▶ _Aim of the task_: Only the lines below starting at the one that contains "View of houses" and ending at the one that contains "Pool Chalk Holder" are to be reproduced, exactly and with both ends kept.

▶ _Data extract_:
--------------------
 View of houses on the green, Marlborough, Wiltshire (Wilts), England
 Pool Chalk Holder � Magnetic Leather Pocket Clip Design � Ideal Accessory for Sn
--------------------
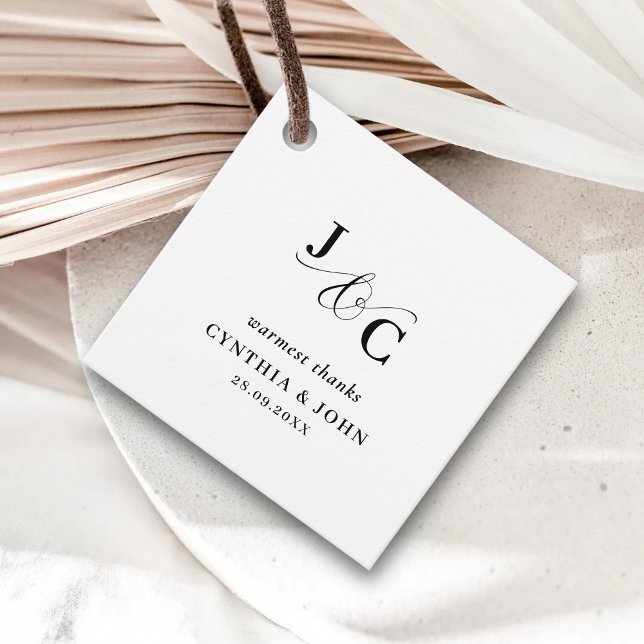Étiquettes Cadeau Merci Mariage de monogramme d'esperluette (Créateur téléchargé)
--------------------
▶ _Exercise output_:
 View of houses on the green, Marlborough, Wiltshire (Wilts), England
 Pool Chalk Holder � Magnetic Leather Pocket Clip Design � Ideal Accessory for Sn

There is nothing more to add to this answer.